Task description:
The result should hold only the lines from the one with "Smarty Pants Women's" through the final line of the data below, transcribed exactly, pictures left out.

Input records:
┏━━

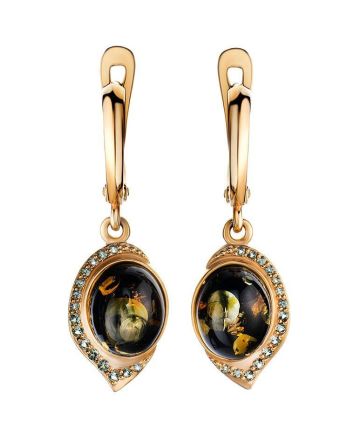 Drop Amber Earrings In Gold With Crystals The Raphael, image 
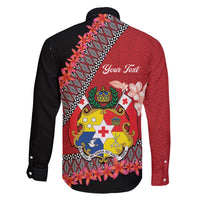 Personalised Tonga Language Week Family Matching Short Sleeve Bodycon Dress and Hawaiian Shirt Malo e Lelei Tongan Ngatu Pattern - Red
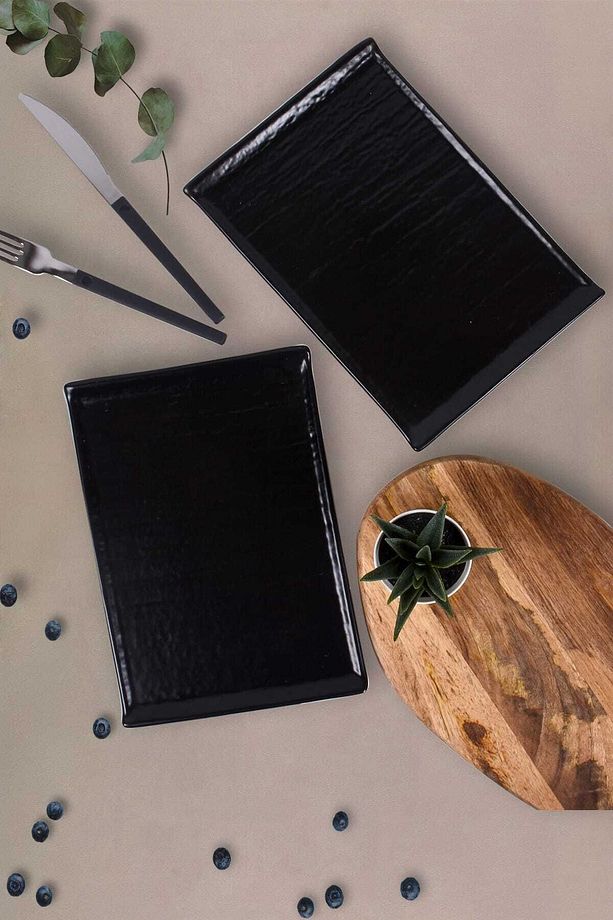 Mat Siyah Doğaltaş Kayık Tabak 24 Cm 2 Adet - 1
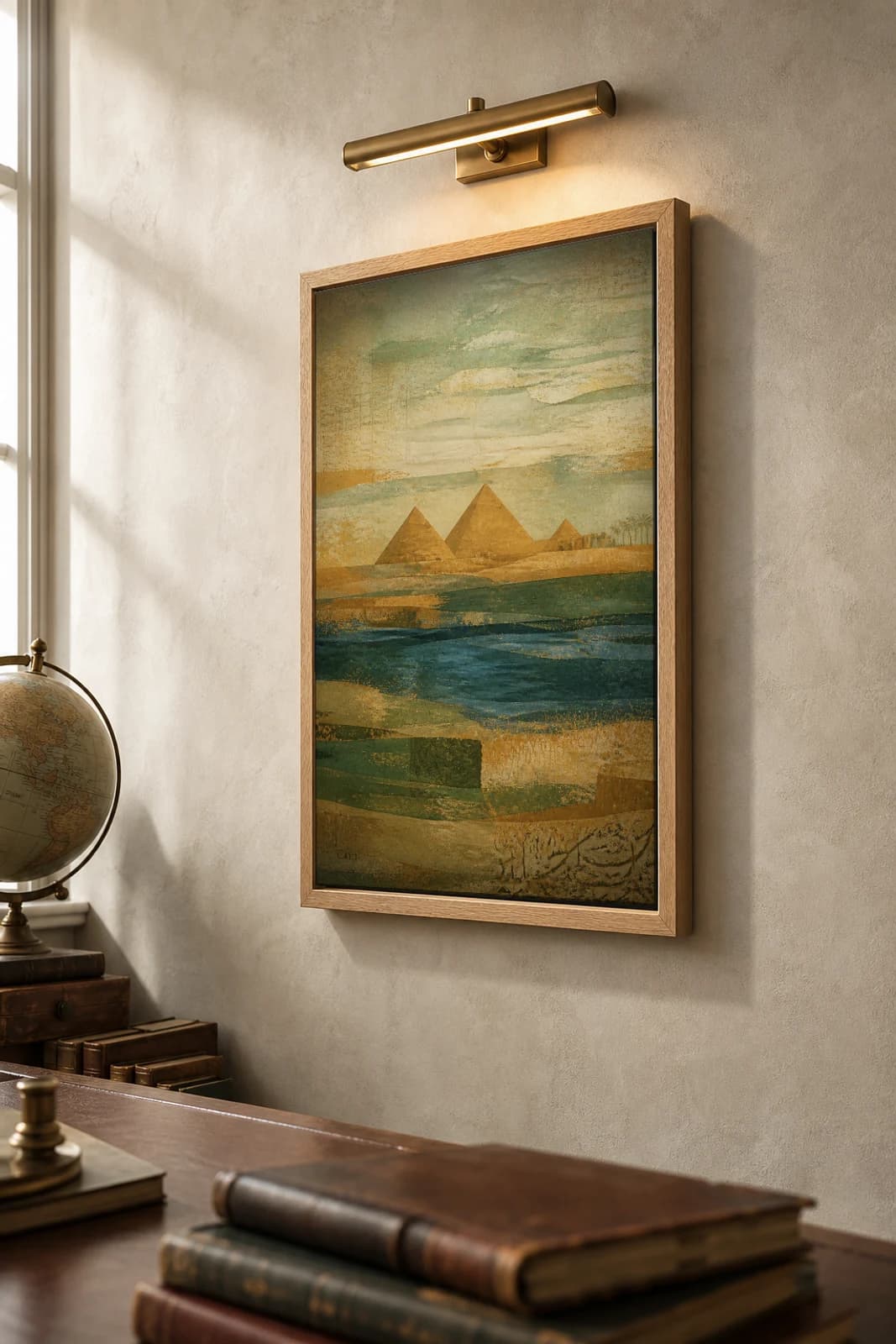 Cairo Poster — Egypt travel wall art · city print · framed A2 — the framed print shown at a three-quarter angle on a styled gallery wall in a natural-oak frame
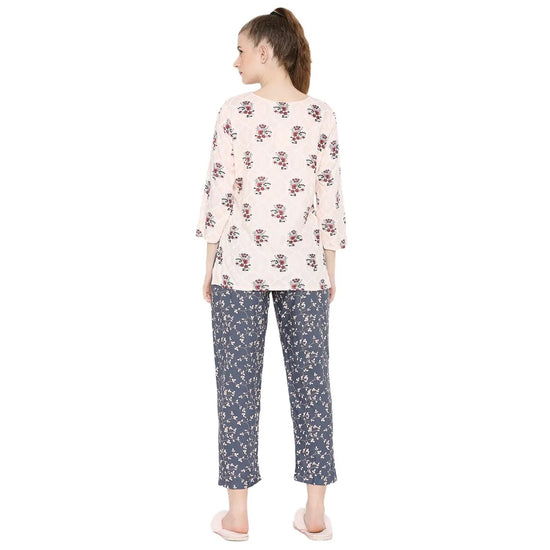 Smarty Pants Women's Cotton Pink & Grey Color Floral Print Night Suit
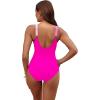 imageHolipick Women Tummy Control One Piece Swimsuit  Push Up Bathing Suit Full Coverage Slimming SwimwearRose Pink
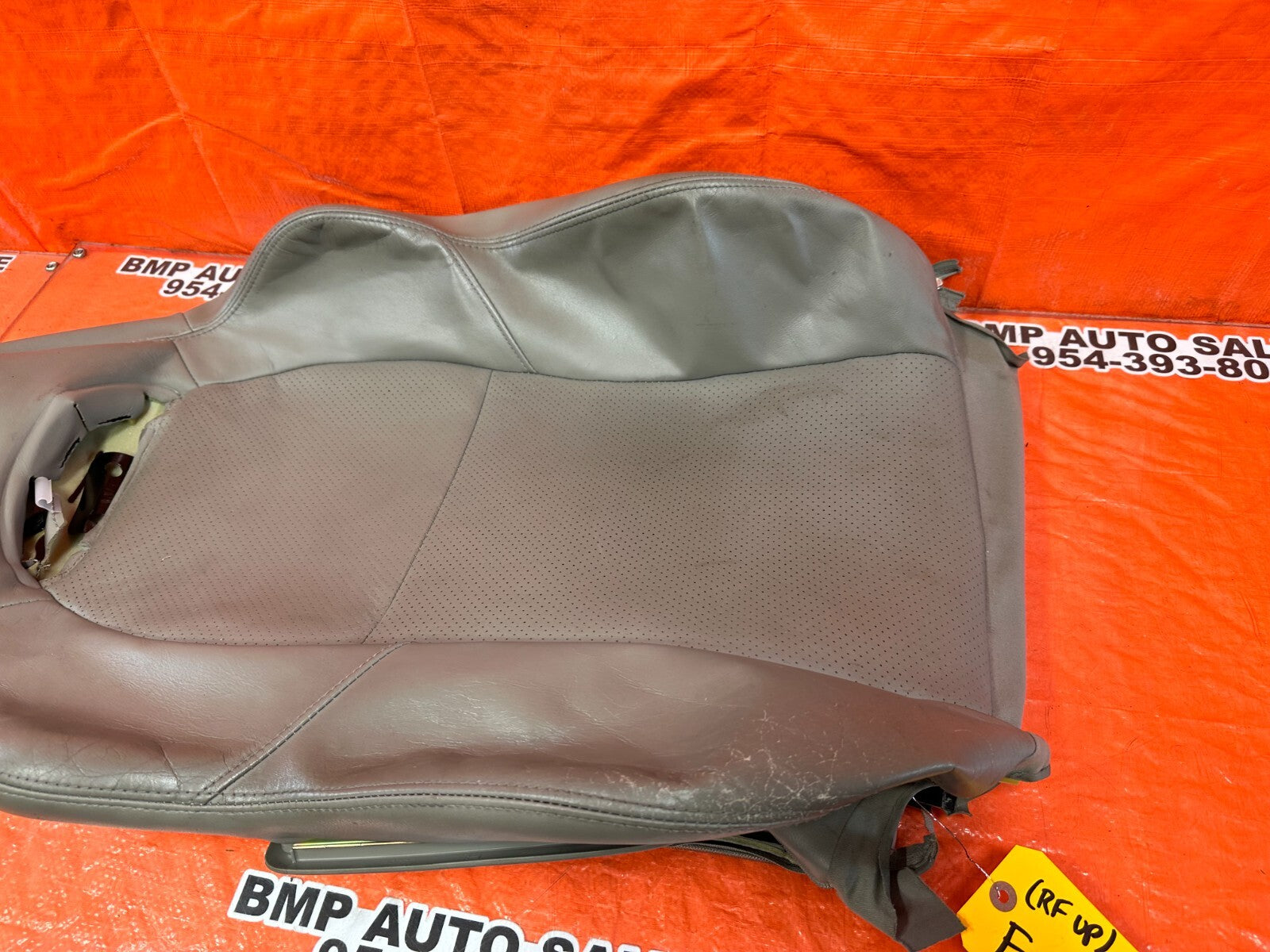 02 04 ACURA RSX   GRAY   RIGHT FRONT UPPER SEAT SKIN LEATHER COVER OEM 25410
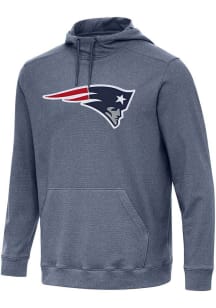 Antigua New England Patriots Mens Navy Blue Full Front Cloud Long Sleeve Hoodie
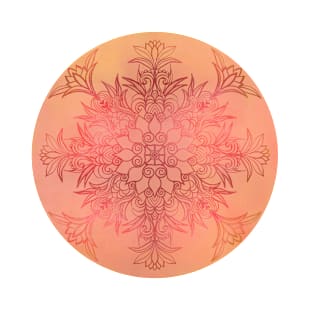 Shimmery Warm Coral Leafy Mandala T-Shirt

┗━━

Solution for this task:
 Smarty Pants Women's Cotton Pink & Grey Color Floral Print Night Suit
 imageHolipick Women Tummy Control One Piece Swimsuit  Push Up Bathing Suit Full Coverage Slimming SwimwearRose Pink
 02 04 ACURA RSX   GRAY   RIGHT FRONT UPPER SEAT SKIN LEATHER COVER OEM 25410
 Antigua New England Patriots Mens Navy Blue Full Front Cloud Long Sleeve Hoodie
 Shimmery Warm Coral Leafy Mandala T-Shirt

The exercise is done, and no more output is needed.